Description
joinByDistance
is an implicit method which joins two dataframes taking
longitude and latitude values, one set from each dataframe, representing the location of the
records to be joined. This method can be used to enrich a CSV containing point data with
attributes associated with points within some max distance; for example, finding all the
POIs within half of a mile of each of your customers.
Syntax
import com.precisely.bigdata.li.spark.api.SpatialImplicits._
joinByDistance(df2: DataFrame, df1Longitude: Column, df1Latitude: Column,
df2Longitude: Column, df2Latitude: Column,
maxDistance: Length, geohashPrecision: Int): DataFrame
joinByDistance(df2: DataFrame, df1Longitude: Column, df1Latitude: Column,
df2Longitude: Column, df2Latitude: Column,
maxDistance: Length, geohashPrecision: Int,
options: Map[DistanceJoinOption.DistanceJoinOption, Any]): DataFrame
Parameters
Note: The coordinate values must be in the
CoordSysConstants.longLatWGS84
coordinate system.Parameter | Type | Description |
---|---|---|
df2 | DataFrame | The dataframe to join to. |
df1Longitude | Column | The longitude value from the first dataframe. |
df1Latitude | Column | The latitude value from the first dataframe. |
df2Longitude | Column | The longitude value from the second dataframe. |
df2Latitude | Column | The latitude value from the second dataframe. |
maxDistance | Length | The buffer length around point 1 to search for point 2. |
geohashPrecision | Integer | The geohash precision to be used for the primary join. Value must be between 1 and 12. The higher the number, the more memory may be required. |
options | Map | Optional. Options that add extra attributes to the result of the join. |
Options
Key | Type | Description |
---|---|---|
DistanceColumnName | String | Adds a column to the result dataframe that contains the distance calculated. |
LimitMatches | Numeric | Limits the number of joined results for each source dataframe record. |
LimitMethod | LimitMethods enumeration value | The method used for ranking matches. See LimitMethods enumeration. |
LimitMethods enumeration
Value | Description |
---|---|
RowNumber | Use the org.apache.spark.sql.functions.row_number window function for limiting matches. |
Rank | Use the org.apache.spark.sql.functions.rank window function for limiting matches. |
DenseRank | Use the org.apache.spark.sql.functions.dense_rank window function for limiting matches. |
Return Values
Return Type | Description |
---|---|
DataFrame | The dataframe that is the result of the join. |
Examples
This example returns a dataframe that is the result of a join where points from a second dataframe are located within a 0.5-mile buffer around each point in the first dataframe.
val searchRadius = "0.5";
val distanceUnit = "mi";
val distance = new com.mapinfo.midev.unit.Length(searchRadius.toDouble,
com.mapinfo.midev.unit.LinearUnit.getFromMapInfoCode(distanceUnit))
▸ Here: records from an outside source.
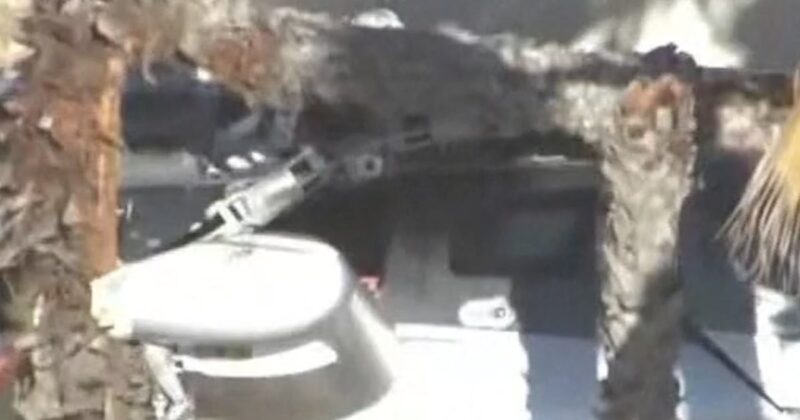 Helicopter crashes into California building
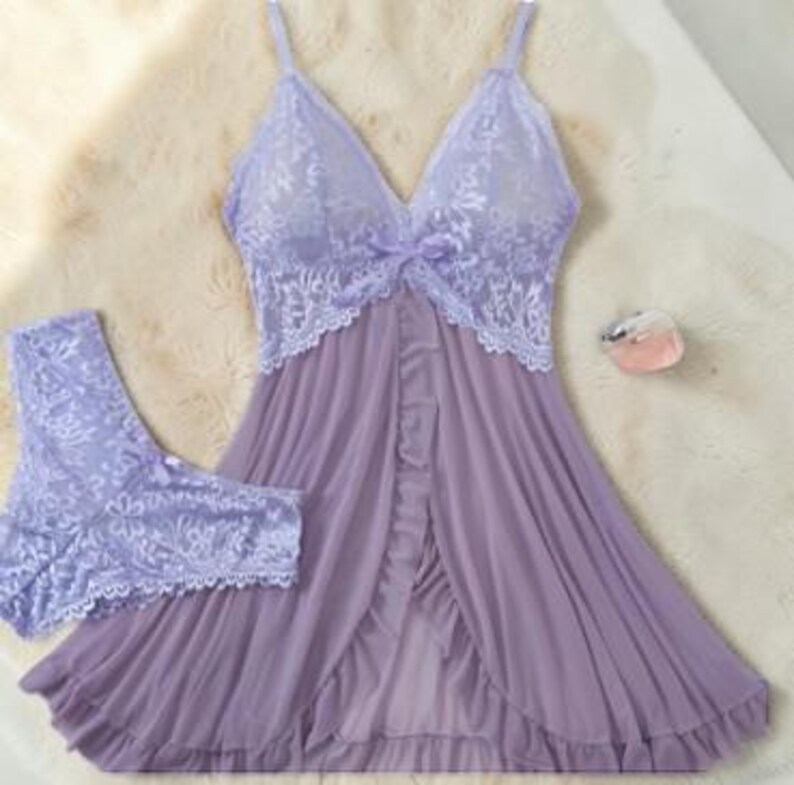 A vibrant purple lace lingerie set laid flat against a soft, textured background features a sheer nightdress with a deep v-neckline, delicate floral lace cups, thin shoulder straps, and a front bow accent alongside matching lace panties.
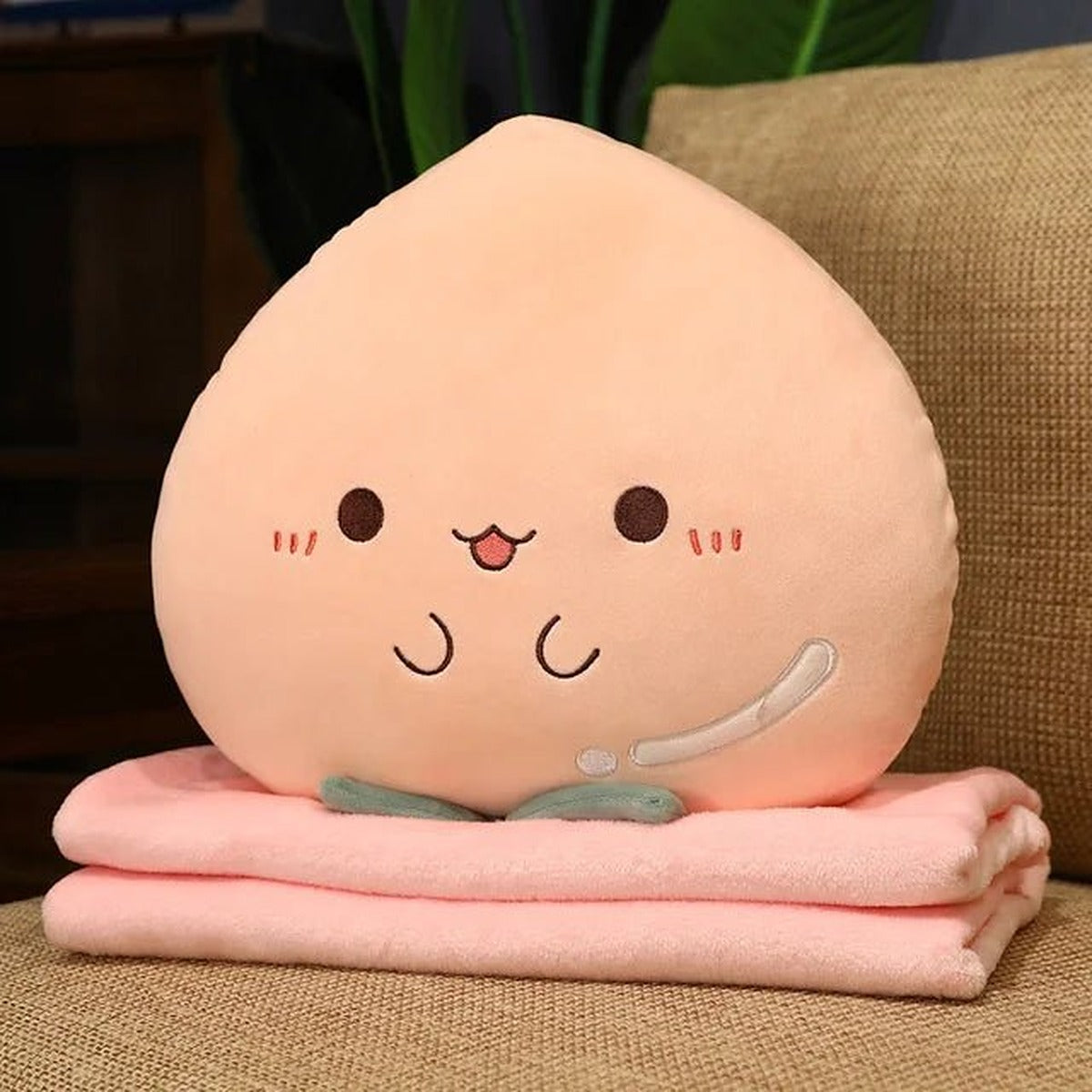 Peach plush pillow sitting on its folded pink blanket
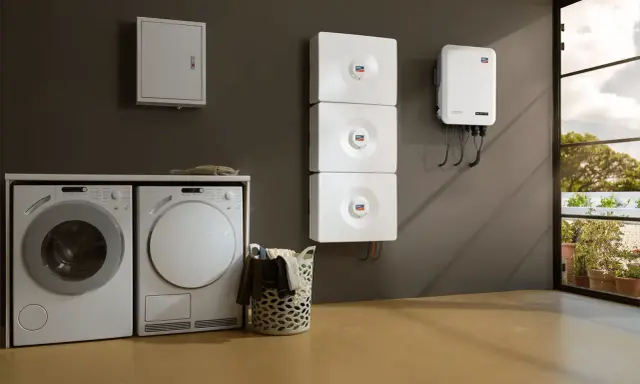 Lave-linge et sèche-linge à côté d'un système de stockage d'énergie solaire, prêt pour un séchage écologique.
val resultDF = baseDF.joinByDistance(joinDF, col("longitude"), col("latitude"), col("lon"),
col("lat"), distance, 7)
Example showing
options
set:val distance = new Length(0.5, LinearUnit.getFromMapInfoCode("mi"))
val resultDF = baseDF(joinDF, baseDF("Longitude"), baseDF("Latitude"), joinDF("Lon"), joinDF("Lat"),
distance, 7, Map(DistanceColumnName -> "outputDistance"))
Example where results are limited to 5 matches by the Rank method.
val distance = new Length(0.5, LinearUnit.getFromMapInfoCode("mi"))
val resultDF = baseDF(joinDF, baseDF("Longitude"), baseDF("Latitude"), joinDF("Lon"), joinDF("Lat"),
distance, 7, Map(DistanceColumnName -> "outputDistance", LimitMatches -> 5, LimitMethod ->
LimitMethods.Rank))